One of those is a relatively narrow focus. The provincial Liberals did not suddenly attempt to introduce a new way of delivering policies across the entire government. Instead, they focused squarely on health care and education, and specific aspects thereof – waiting times for medical procedures, graduation rates and student test scores. By contrast, the federal Liberals seem to have applied it to pretty much their whole election platform – or to 364 different priorities assigned in ministers' mandate letters and included in the new tracker, which may broaden it to the point of losing any meaning.

A second, related and probably even more important difference is specificity in desired outcomes. The idea, as applied previously, is to study available data to determine a reasonable "stretch target" – an objectively measurable, aspirational but attainable improvement over the status quo. That's then communicated within government and publicly, to produce both accountability and pressure to rapidly implement whatever policy changes are needed to achieve it. Regular reporting of progress toward the goals is supposed to help quickly identify necessary changes along the way.
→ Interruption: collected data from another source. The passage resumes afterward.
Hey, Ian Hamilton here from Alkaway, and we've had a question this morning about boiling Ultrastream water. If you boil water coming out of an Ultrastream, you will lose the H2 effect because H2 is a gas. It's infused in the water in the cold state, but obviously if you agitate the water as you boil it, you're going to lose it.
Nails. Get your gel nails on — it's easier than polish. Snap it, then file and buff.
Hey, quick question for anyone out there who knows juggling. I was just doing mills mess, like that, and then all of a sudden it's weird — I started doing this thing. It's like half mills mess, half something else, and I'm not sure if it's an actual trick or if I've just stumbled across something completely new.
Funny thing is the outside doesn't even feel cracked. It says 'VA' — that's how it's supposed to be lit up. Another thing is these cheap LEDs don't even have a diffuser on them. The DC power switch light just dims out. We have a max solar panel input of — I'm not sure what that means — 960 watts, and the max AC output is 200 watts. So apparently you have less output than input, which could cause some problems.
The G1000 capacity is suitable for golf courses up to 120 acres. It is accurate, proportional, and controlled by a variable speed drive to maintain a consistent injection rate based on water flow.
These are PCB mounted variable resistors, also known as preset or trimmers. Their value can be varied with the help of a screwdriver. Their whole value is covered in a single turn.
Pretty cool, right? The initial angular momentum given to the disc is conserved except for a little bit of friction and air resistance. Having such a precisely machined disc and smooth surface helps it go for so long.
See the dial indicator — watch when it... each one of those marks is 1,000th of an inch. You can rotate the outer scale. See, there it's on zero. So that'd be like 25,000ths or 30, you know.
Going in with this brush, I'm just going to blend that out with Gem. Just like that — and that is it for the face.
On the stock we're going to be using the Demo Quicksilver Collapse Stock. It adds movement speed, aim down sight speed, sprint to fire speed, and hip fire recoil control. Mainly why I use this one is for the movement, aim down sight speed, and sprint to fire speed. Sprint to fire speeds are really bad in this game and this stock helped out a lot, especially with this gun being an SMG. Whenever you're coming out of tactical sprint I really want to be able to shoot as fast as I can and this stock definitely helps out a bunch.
A few of Mr. Trudeau's stated ambitions – clean drinking water for First Nations communities is an obvious example – have that measurability component or could easily be made to do so. But for the most part, the goals are much more abstract. Mr. McGuinty set out to be judged on whether more children were finishing high school and more patients were getting treatment quickly, which was easily quantifiable. Mr. Trudeau set out to be judged on whether he is helping the middle class and those working to join it, which is not. Look at the mandate tracker and you will see many references to specific policies implemented and specific dollar amounts committed, but they're listed under the fulfilment of highly subjective goals.

There is a third difference, less within the Liberals' discretion but underlying some of the ways they have struggled to adapt from Ontario. Relative to provincial governments, Ottawa doesn't directly do that much to affect Canadians' day-to-day lives – not enough, at any rate, to be able to control outcomes.

Unlike Mr. McGuinty, Mr. Trudeau can't often determine social-policy metrics and simply use levers at his disposal to achieve them: He has to count on partnerships with other levels of government, more directly involved in service delivery. And on foreign-policy matters that have been occupying much of this government's time – notably the fate of NAFTA, which may be the single most important issue of Mr. Trudeau's first mandate – this country's government is hostage to certain slightly unpredictable actors.

Possibly that makes deliverology a non-starter federally, and the Liberals were too quick to set expectations (and add government jobs) related to it. Or maybe, in the long run, they will prove to have landed on some modified version that works on its own terms.

This week, it felt like an earnest effort to do policy differently, reduced to a messaging effort that could have come from any previous government.